Many investment advisors are beginning to recommend some exposure to Bitcoin (BTC) and some alternative (alt) coins, such as Ethereum (ETH).
But the biggest hurdle for many analysts is how to evaluate BTC’s value. There are many valuation models for stocks, bonds, and commodities, but when it comes to a digital asset/currency like BTC, it takes a model similar to one that measures commodity scarcity — stock-to-flow.
A popular Stock-to-Flow (S2F) model for BTC was created by an institutional investor who refers to himself as Plan B, Twitter handle @trillionUSD.
His S2F chart is shown below. It has been uncannily accurate in predicting Bitcoin’s future price.
The chart’s horizontal axis runs from 2010 through 2021 and the vertical axis is a log scale of price, which starts at $0.01 and runs up to $100,000.
The solid white line is the S2F model price, which has stair-stepped higher from less than a penny in 2009 to $100,000 in 2020-2021. Each stair step is a result of the halving events, including the one in May 2020.
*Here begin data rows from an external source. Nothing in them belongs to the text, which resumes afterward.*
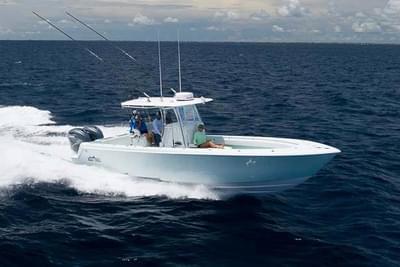 BOATZON | Contender 35 ST 2026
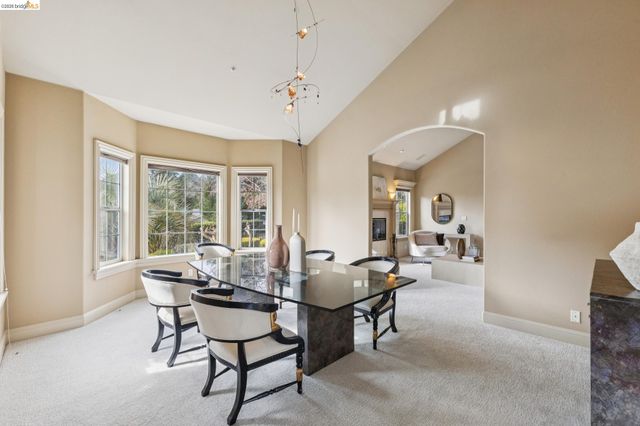 78 Scenic Dr, Orinda, CA 94563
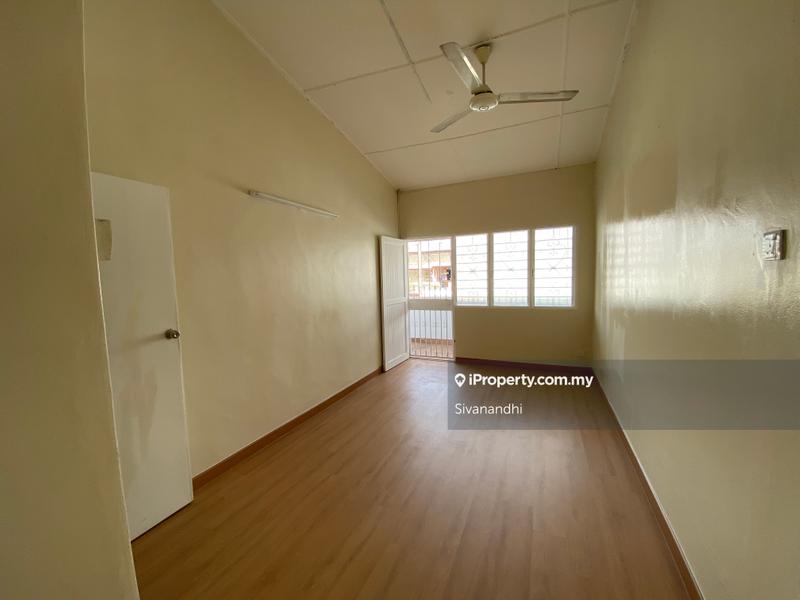 Rumah Teres 2-Tingkat untuk Dijual di Teluk Gadong, Klang oleh Sivanandhi - iProperty.com.my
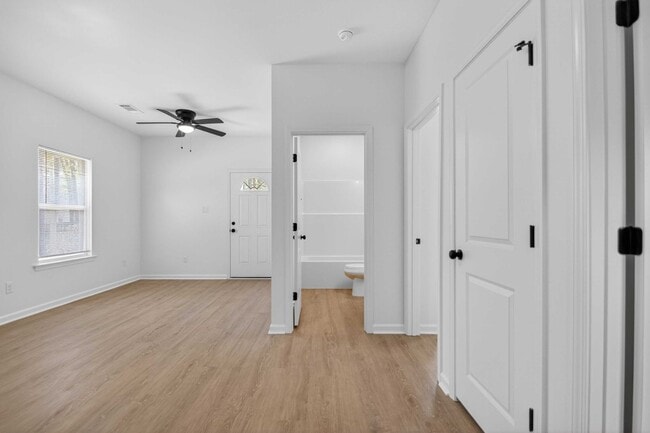 Photo - 2015-2017 Scotty Ct Unit 2017 Scotty Ct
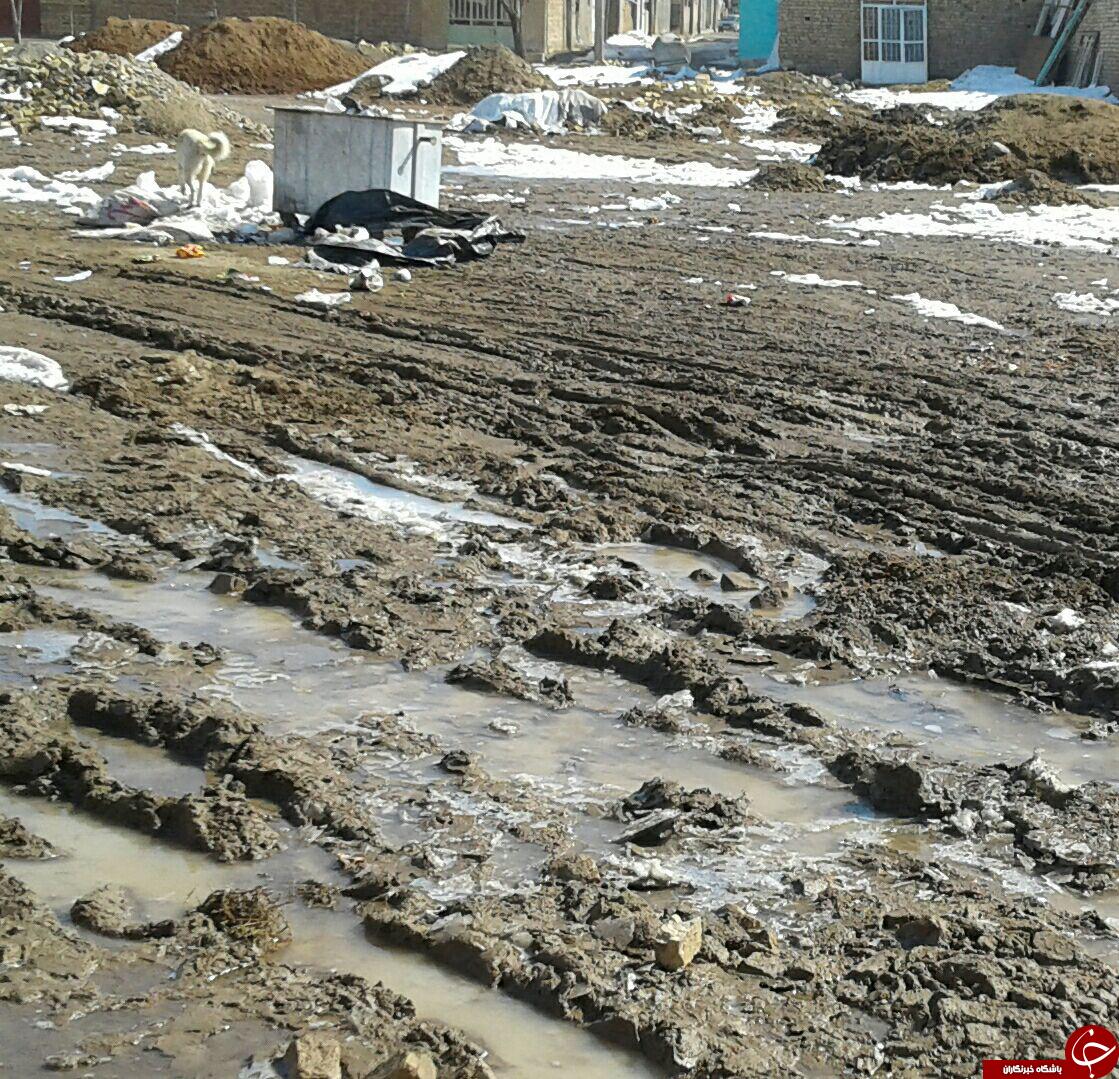 گلایه ساکنین سجاس از نبود آسفالت +تصاویر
The halving event is when the reward for mining BTC is reduced by half. The reward is paid to a miner when his or her computer has solved a mathematical problem that confirms a BTC transaction.
A halving event occurs approximately every four years, which programmatically reduces the number of new coins entering the market over time.
This is why BTC is considered the “anti-inflationary” currency as compared to fiat currencies, which global central banks create out of thin air. The next halving event will be in 2024 and the S2F model jumps to $1 million in 2025.
The colored dots on the chart are the actual monthly closing prices, and the colors of the dots show how many months until the next halving event (the color code bar is at the bottom of the chart).
The colors go from red, equating to more than 44 months until the next halving, to blue, equating to less than five months until the next halving.
Lag and spike
The actual price for BTC, as represented by the colored dots, has cycled around the white line during its climb higher. BTC’s price tends to lag the model’s price after each halving event and then tends to spike above the line after it “catches up” with the model’s price.
The actual value divided by the model’s value is shown with the white dots along the bottom of the chart. It cycles around $1.00 (fair value) and when it’s below $1.00, as it is after each halving event, investors have a wonderful buying opportunity.
When it climbs above $1 it’s a warning to new investors — there will be better buying opportunities ahead.
A lot of new investors, especially institutional buyers, began to invest in BTC in 2020. Each halving event provides investors with an outstanding opportunity to participate in an expected rapid increase in BTC’s price.
Just a small overshoot of the model’s price in 2021-2022 would mean BTC could hit $200,000.
It’s important to note that this model predicts where price will go but it’s certainly no guarantee. However, the model continues to suggest investors would do well to have a small percentage of their investment portfolio allocated to BTC and other cryptocurrencies.